### INFORMATION SUPPLIED

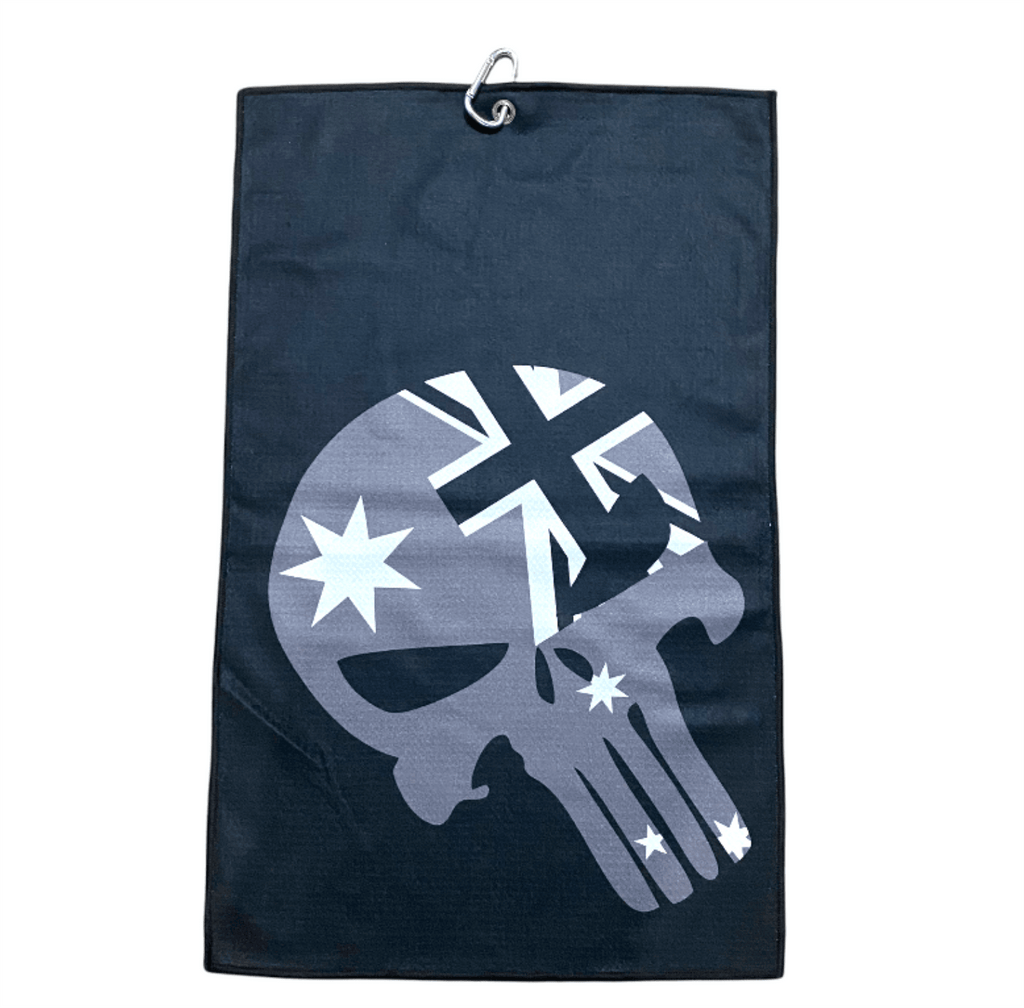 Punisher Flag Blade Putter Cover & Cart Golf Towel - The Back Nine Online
* * *
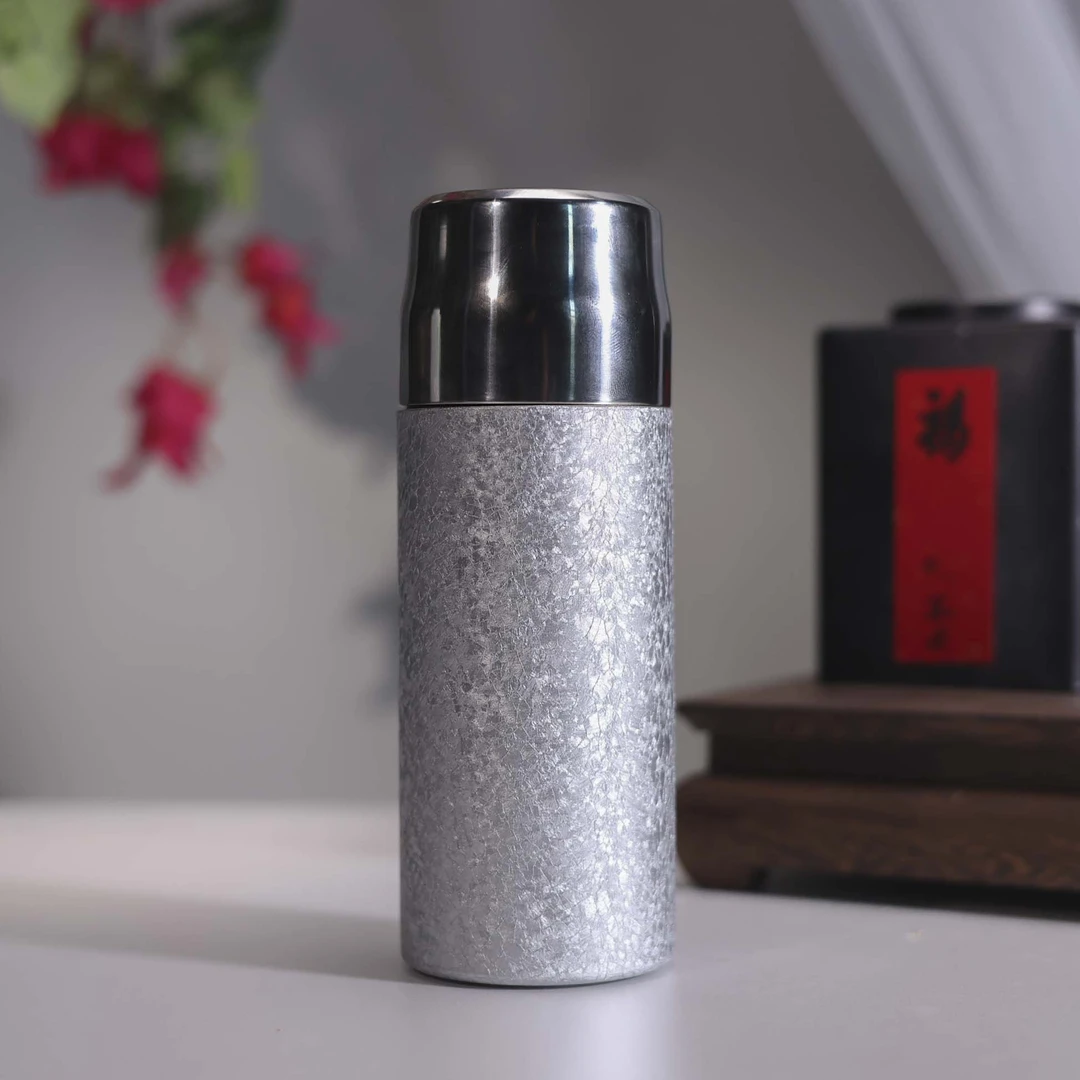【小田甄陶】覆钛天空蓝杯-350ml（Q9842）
==
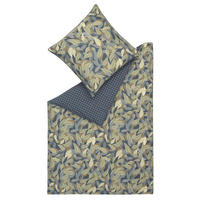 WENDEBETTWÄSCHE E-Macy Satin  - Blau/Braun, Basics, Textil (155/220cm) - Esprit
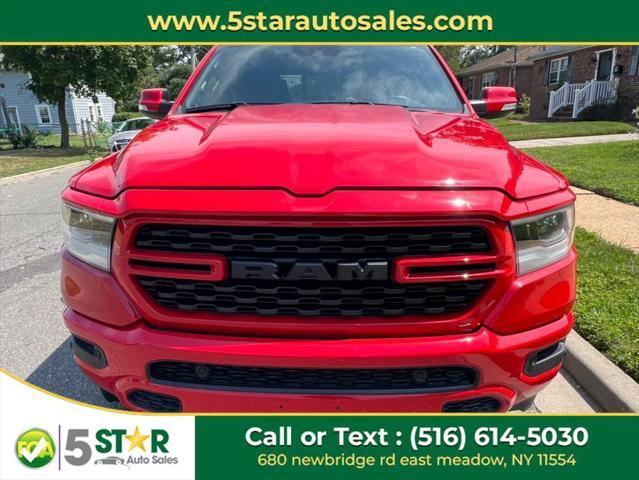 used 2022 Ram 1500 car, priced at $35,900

### WORK TASK
Reproduce the lines above beginning at the line that contains "WENDEBETTWÄSCHE E-Macy Satin" and ending at the line that contains "used 2022 Ram 1500 car, priced at $35,900". No pictures.

### WORKED SOLUTION
 WENDEBETTWÄSCHE E-Macy Satin  - Blau/Braun, Basics, Textil (155/220cm) - Esprit
 used 2022 Ram 1500 car, priced at $35,900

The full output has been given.